→ **Action item**
Reproduce the data below in full and exclude every picture.

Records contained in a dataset
################

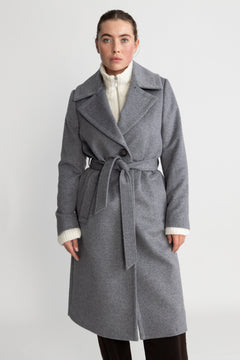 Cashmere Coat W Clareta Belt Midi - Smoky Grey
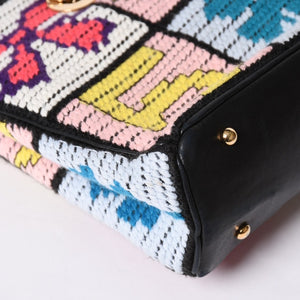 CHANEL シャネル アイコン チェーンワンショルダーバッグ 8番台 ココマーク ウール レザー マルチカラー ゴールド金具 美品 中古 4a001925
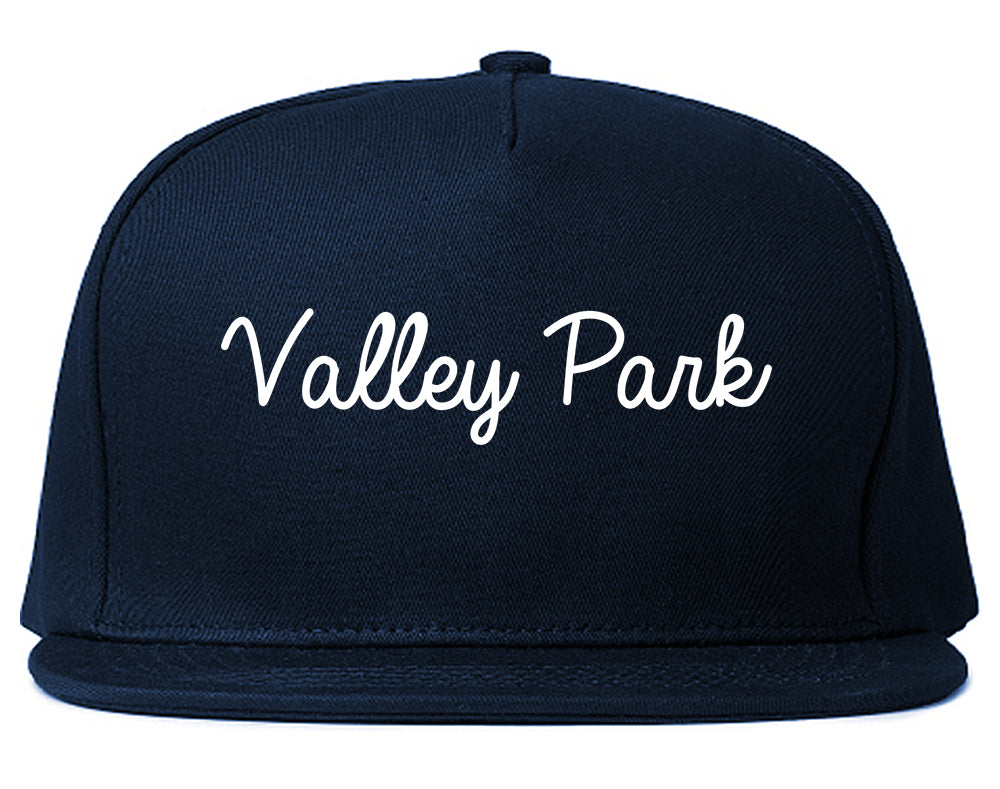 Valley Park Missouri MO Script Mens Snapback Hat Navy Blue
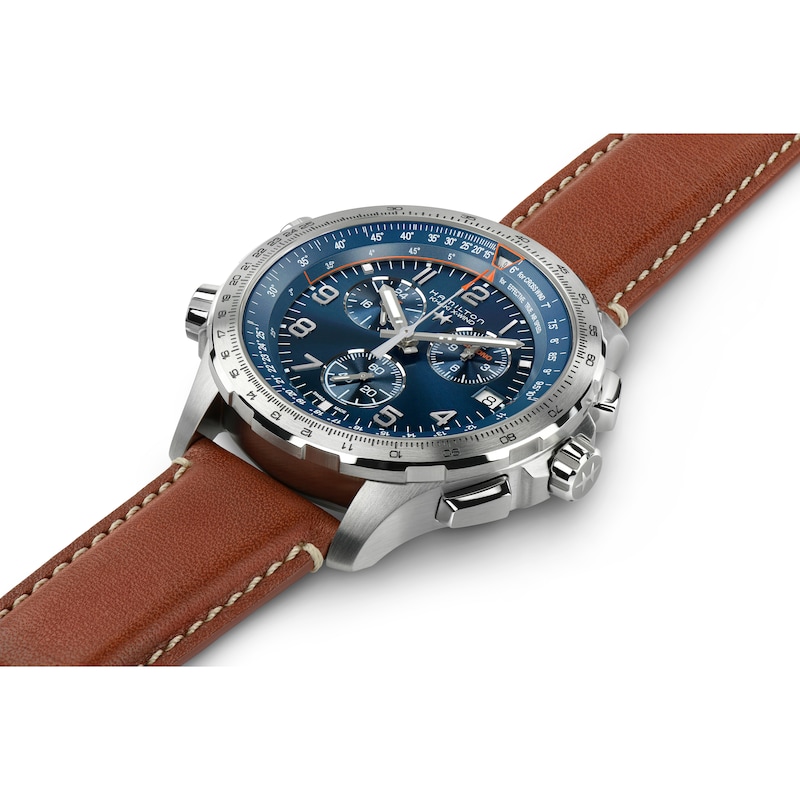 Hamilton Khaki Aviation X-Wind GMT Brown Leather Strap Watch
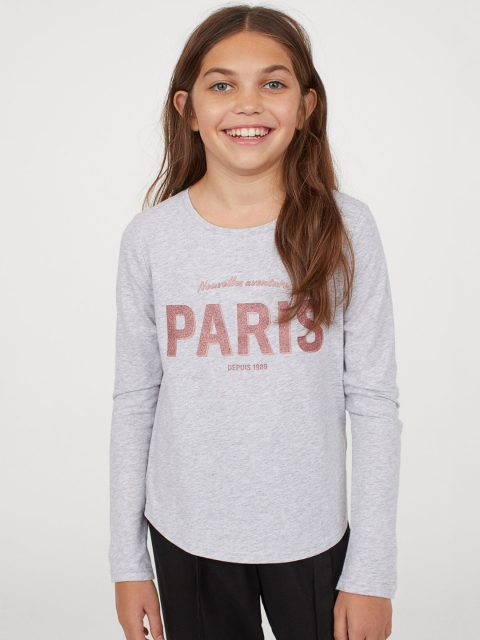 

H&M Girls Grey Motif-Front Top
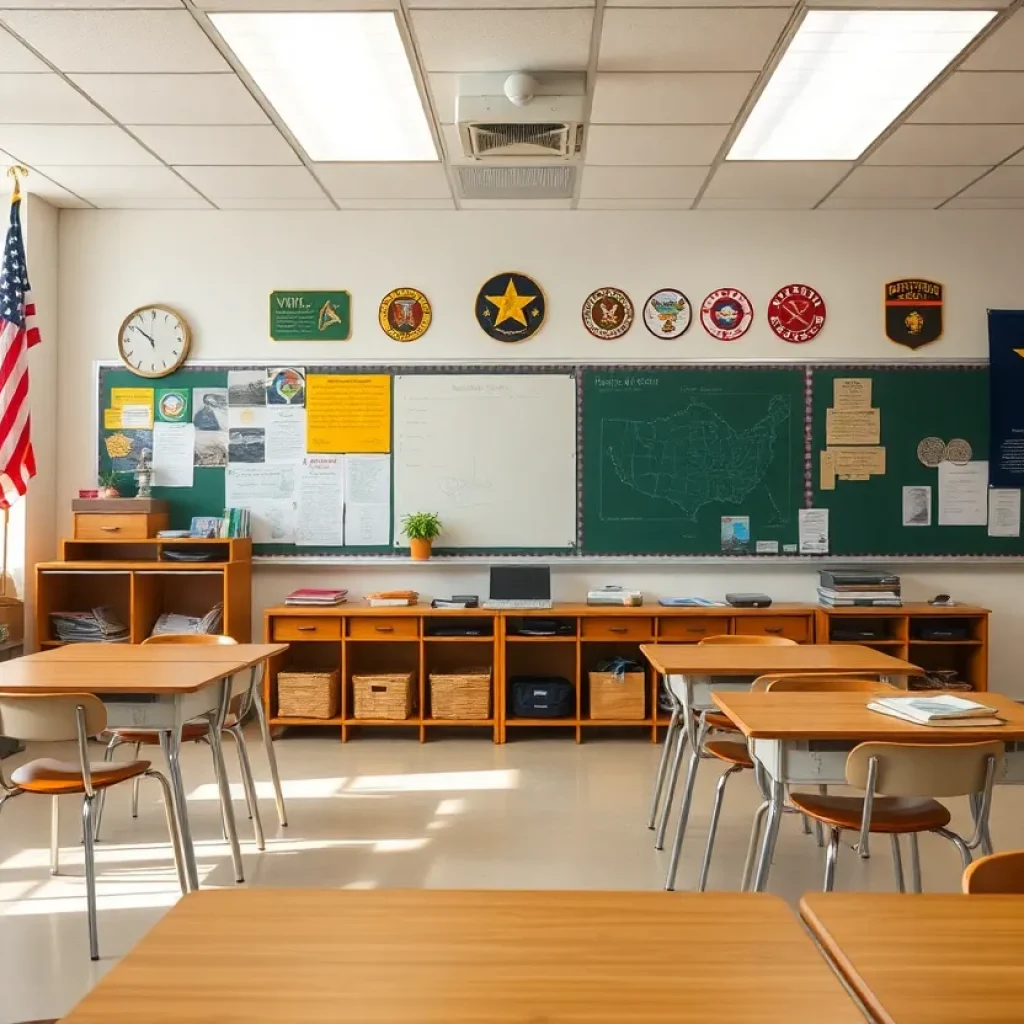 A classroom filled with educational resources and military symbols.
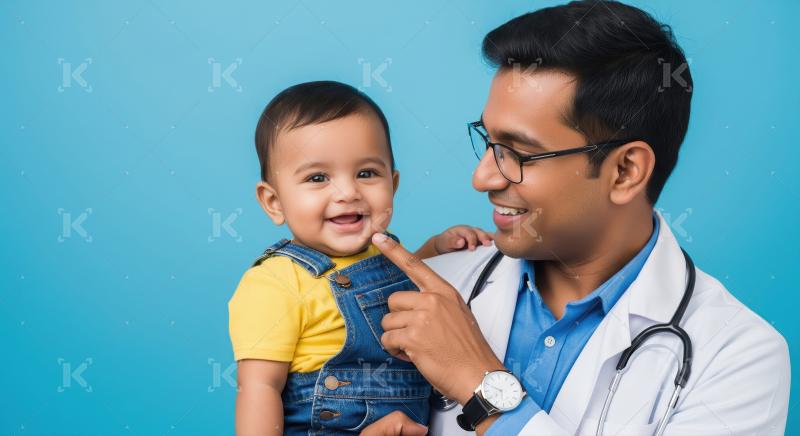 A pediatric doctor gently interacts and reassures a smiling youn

################

→ **Exercise solution**
 Cashmere Coat W Clareta Belt Midi - Smoky Grey
 CHANEL シャネル アイコン チェーンワンショルダーバッグ 8番台 ココマーク ウール レザー マルチカラー ゴールド金具 美品 中古 4a001925
 Valley Park Missouri MO Script Mens Snapback Hat Navy Blue
 Hamilton Khaki Aviation X-Wind GMT Brown Leather Strap Watch

H&M Girls Grey Motif-Front Top
 A classroom filled with educational resources and military symbols.
 A pediatric doctor gently interacts and reassures a smiling youn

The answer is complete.